Finally, the college will not release records that are not owned by the college.

Instructors may post grades without the written consent of the students only if the identities of the individuals are completely disguised such that no direct correlation to each student can be determined from the list. Accordingly, instructors should refrain from openly discussing grades in class or distributing graded material in such a way that the grades may be seen by other students.

Students can submit a Request to Prevent Disclosure of  Directory Information form to the Registrar's Office so that all or a portion of their directory information will not be released.

When a student reaches the age of 18 or begins attending a postsecondary institution regardless of age, FERPA rights transfer to the student.

  • Parents may obtain directory information at the discretion of the institution.
  • Parents may obtain non-directory information (grades, GPA, etc.) only at the discretion of the institution and after it has been determined that their child is legally their dependent.
  • Parents may also obtain non-directory information by obtaining a signed consent from their child. NIC requires that the signed consent form either be submitted in person at the Registrar's Office by the student with state/federally issued ID or it may be faxed to the Registrar's Office with a copy of a state/federally issued ID that also includes the student's signature on the ID.

A student's class schedule is non-directory information. For the safety of the student, you cannot tell another person where a student is at any time.

Under this 1996 amendment, institutions are required to provide directory-type information on students at least 17 years of age who are registered for at least one credit, upon request from the Department of Defense for military recruiting purposes.

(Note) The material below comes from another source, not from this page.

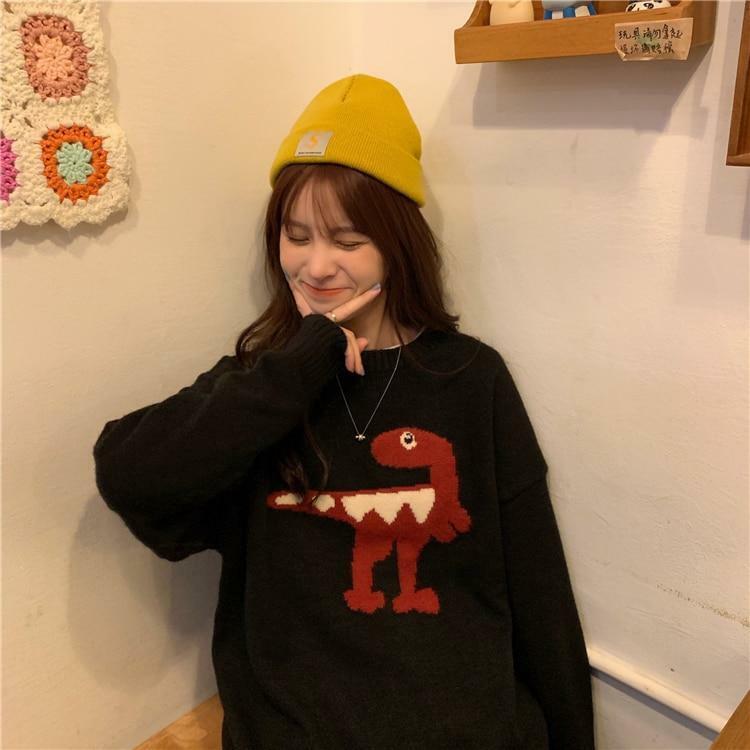 Y2K Grunge Dinosaur Sweater - Retro 90s Fashion, Pastel Goth, Summer Y2K Outfits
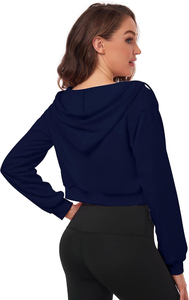 Sudadera con Capucha Azul Marino para Mujer, de Forro Polar, Manga Larga, Corta, con Estampado Geométrico, Antiencogimiento, Transpirable, de Poliéster, Informal - Product Image 3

If personably identifiable information (such as GPA, grades, etc.) obtained from a student's record is included in a letter of recommendation, the writer is required to obtain a signed release from the student which 1) specifies the records to be disclosed, 2) states the purpose of the disclosure, and 3) identifies the party to whom the disclosure can be made.

Statements made by a person making a recommendation that are made from that person's personal knowledge do not require a written release from the student.